In the copy, every record below must appear exactly as given, and no picture may appear.

(Entries provided)
____

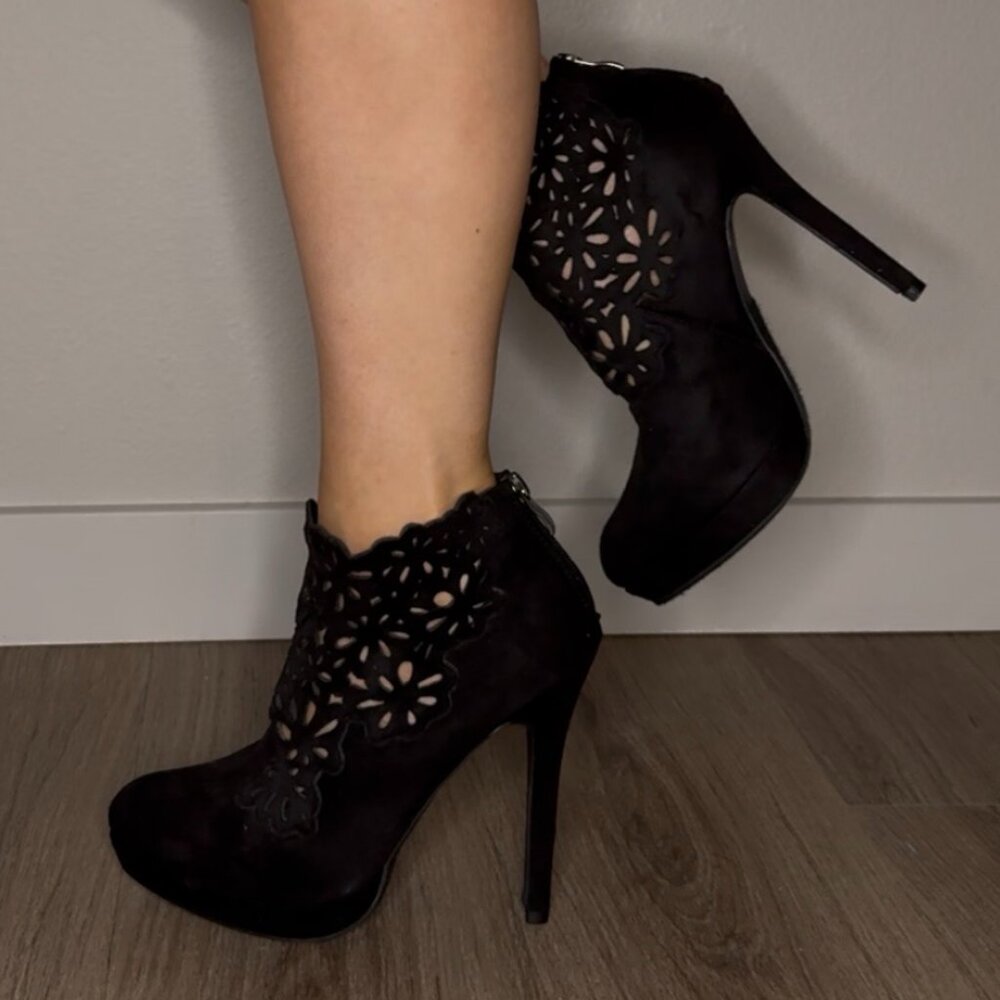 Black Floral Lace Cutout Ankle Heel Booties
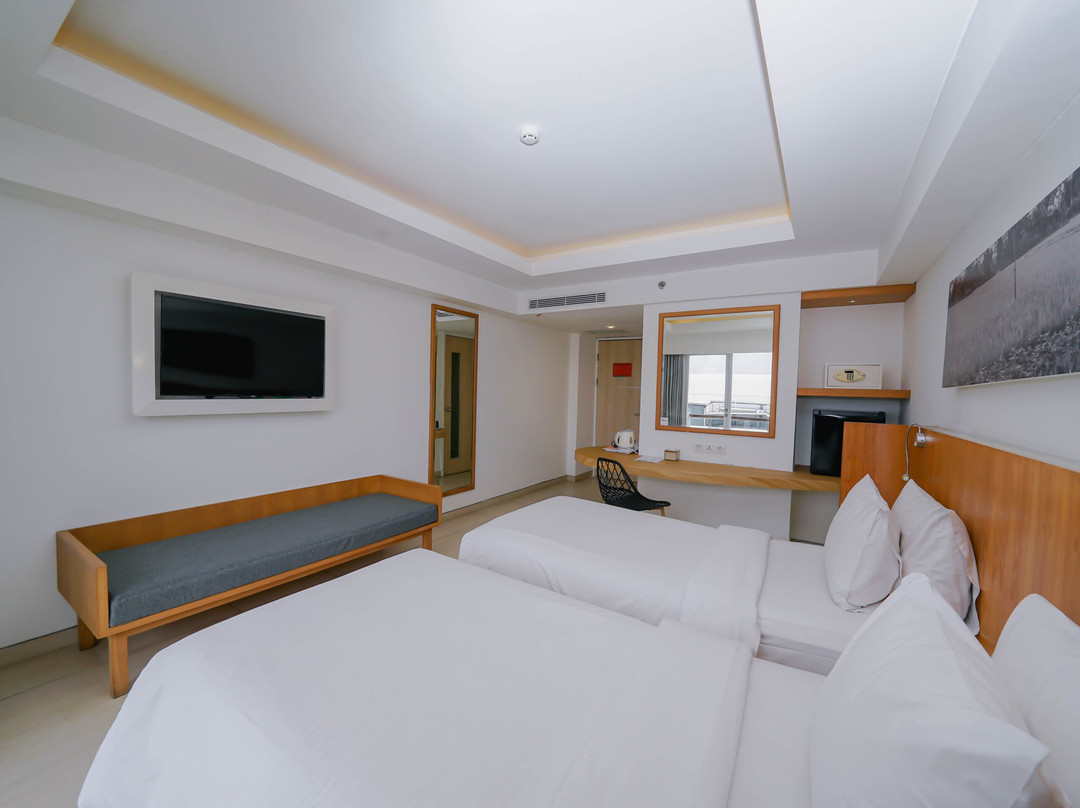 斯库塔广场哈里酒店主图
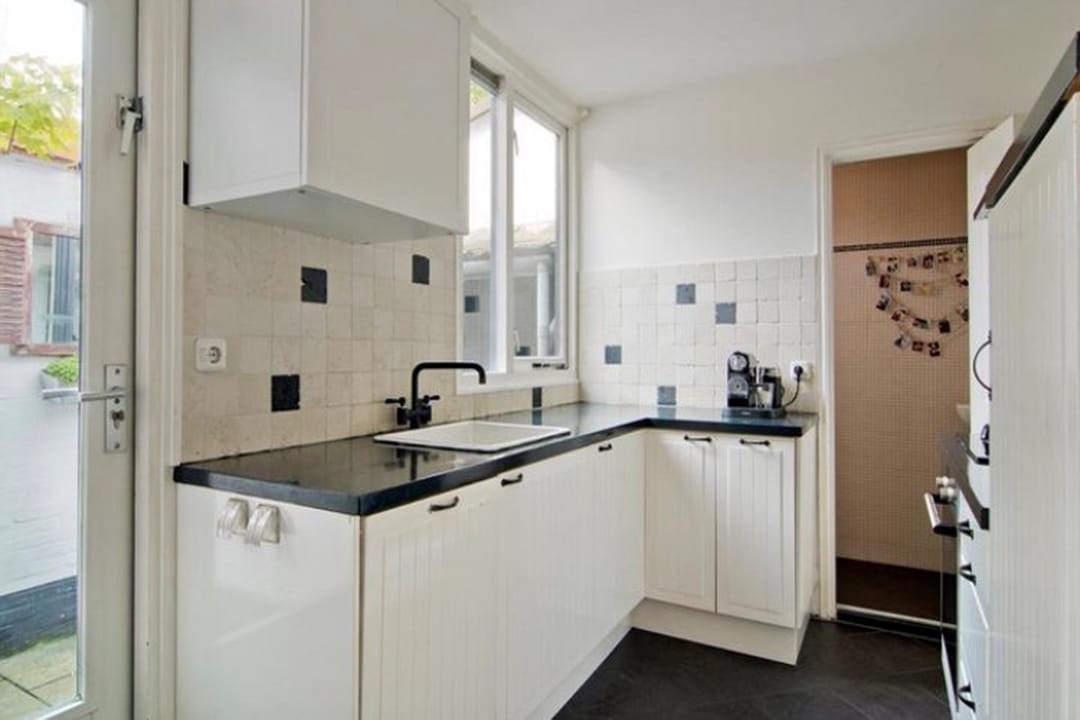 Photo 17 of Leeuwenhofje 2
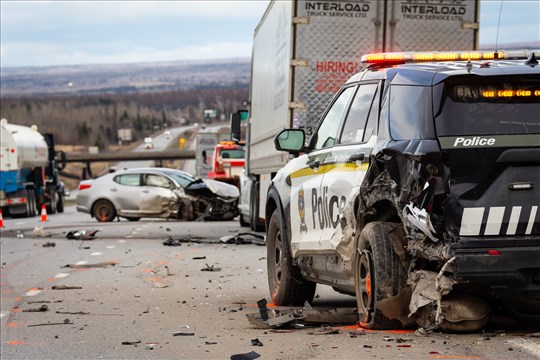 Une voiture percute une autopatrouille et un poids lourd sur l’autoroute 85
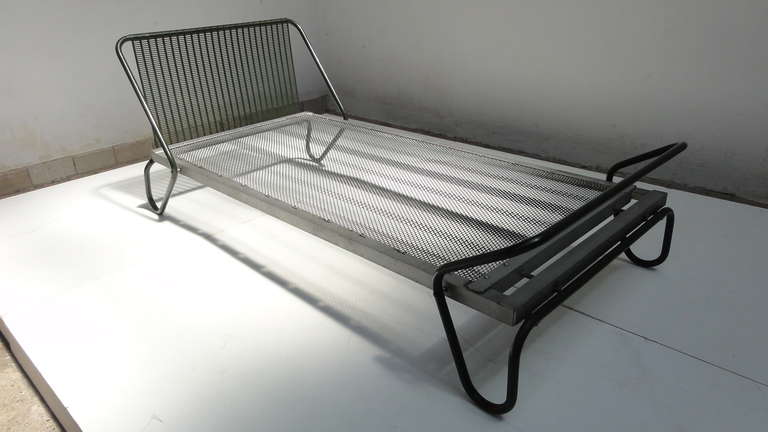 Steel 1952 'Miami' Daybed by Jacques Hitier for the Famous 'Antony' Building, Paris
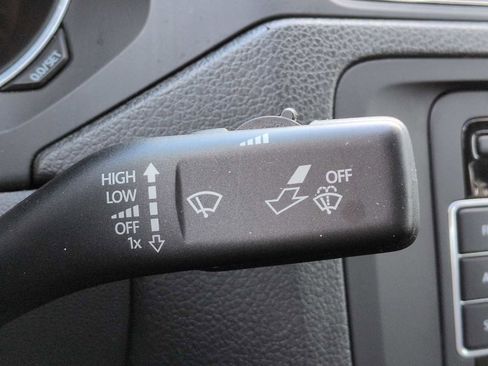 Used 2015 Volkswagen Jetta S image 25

____

(Answer to this task)
 Black Floral Lace Cutout Ankle Heel Booties
 斯库塔广场哈里酒店主图
 Photo 17 of Leeuwenhofje 2
 Une voiture percute une autopatrouille et un poids lourd sur l’autoroute 85
 Steel 1952 'Miami' Daybed by Jacques Hitier for the Famous 'Antony' Building, Paris
 Used 2015 Volkswagen Jetta S image 25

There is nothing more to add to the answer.